The investigation from ESPN reporter Paula Lavigne found that the school did not provide adequate support for victims in the wake of cases involving two former football players, Tevin Elliot and Sam Ukwuachu.
One student, identified only as Tanya, was denied assistance by campus police because her case against Elliot occurred off campus. She was among five cases of rape or sexual assault against Elliot, who received a 20-year sentence in Jan. 2014.
Ukwuachu was accused of sexually assaulting a Baylor soccer player, but an internal investigation by the school cleared him of any wrongdoing. The soccer player would eventually transfer from the school.

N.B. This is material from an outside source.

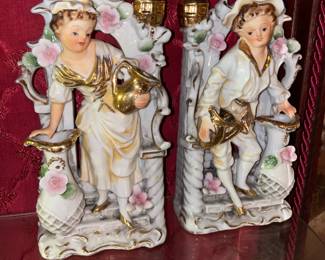 Set Of 2 Porcelain Figurine Candlestick Holders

The report found that these weren’t isolated cases and that the school was slow to act upon necessary Title IX changes:
An investigation by Outside the Lines found several examples in Tanya's case, and others at Baylor, in which school officials either failed to investigate, or adequately investigate, allegations of sexual violence. In many cases, officials did not provide support to those who reported assaults. Moreover, it took Baylor more than three years to comply with a federal directive: In April 2011, the U.S. Department of Education sent a letter to all colleges and universities outlining their responsibilities under Title IX, including the need for each school to have a Title IX coordinator. Baylor didn't hire a full-time coordinator until fall 2014.
Baylor is not one of the 161 schools currently under federal investigation for Title IX violations.
Members of the school’s administration and football team declined to comment about the report.